What is required ▸ Within this material, how many lines include the word "hand"? Answer with a number and nothing more.
┌──
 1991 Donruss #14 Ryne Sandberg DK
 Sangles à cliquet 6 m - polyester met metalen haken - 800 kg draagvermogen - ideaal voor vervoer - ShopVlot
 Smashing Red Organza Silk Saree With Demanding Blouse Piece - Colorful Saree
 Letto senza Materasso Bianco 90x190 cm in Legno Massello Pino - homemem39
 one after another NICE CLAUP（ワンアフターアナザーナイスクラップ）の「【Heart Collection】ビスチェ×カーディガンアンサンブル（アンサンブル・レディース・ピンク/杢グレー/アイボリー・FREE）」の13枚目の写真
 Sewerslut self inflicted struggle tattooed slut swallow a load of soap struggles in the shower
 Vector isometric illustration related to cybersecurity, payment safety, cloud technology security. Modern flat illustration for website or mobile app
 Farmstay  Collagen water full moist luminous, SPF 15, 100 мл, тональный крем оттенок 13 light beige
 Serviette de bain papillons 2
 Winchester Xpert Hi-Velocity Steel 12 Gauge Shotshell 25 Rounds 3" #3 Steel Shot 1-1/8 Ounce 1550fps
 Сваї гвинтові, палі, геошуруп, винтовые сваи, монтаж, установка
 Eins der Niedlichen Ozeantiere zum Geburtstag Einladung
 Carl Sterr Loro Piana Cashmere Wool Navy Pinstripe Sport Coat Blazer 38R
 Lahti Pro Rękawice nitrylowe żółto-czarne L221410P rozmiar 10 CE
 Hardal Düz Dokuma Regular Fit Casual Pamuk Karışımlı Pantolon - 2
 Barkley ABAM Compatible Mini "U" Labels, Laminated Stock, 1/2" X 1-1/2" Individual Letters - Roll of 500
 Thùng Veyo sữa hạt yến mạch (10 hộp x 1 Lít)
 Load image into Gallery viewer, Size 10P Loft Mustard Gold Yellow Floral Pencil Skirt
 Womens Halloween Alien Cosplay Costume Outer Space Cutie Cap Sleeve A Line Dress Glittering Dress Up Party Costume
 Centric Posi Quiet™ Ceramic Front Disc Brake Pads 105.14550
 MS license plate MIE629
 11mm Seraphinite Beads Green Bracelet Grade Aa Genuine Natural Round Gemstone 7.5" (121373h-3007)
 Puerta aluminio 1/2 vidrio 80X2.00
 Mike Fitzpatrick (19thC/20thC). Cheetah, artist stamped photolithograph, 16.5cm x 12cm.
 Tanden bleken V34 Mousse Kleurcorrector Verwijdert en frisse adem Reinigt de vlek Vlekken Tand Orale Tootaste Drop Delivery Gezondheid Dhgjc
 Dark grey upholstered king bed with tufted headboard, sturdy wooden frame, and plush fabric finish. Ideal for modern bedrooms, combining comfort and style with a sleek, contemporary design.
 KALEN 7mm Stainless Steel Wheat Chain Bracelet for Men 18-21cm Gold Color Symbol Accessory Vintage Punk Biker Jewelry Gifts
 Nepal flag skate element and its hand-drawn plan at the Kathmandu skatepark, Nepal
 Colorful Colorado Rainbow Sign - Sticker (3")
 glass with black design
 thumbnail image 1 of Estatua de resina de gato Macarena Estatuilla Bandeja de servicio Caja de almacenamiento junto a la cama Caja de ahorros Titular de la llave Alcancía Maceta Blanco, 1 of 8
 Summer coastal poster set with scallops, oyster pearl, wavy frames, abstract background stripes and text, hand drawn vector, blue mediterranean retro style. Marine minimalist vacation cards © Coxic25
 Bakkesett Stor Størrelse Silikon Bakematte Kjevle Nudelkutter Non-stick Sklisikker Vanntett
└──
Expected output ▸ 2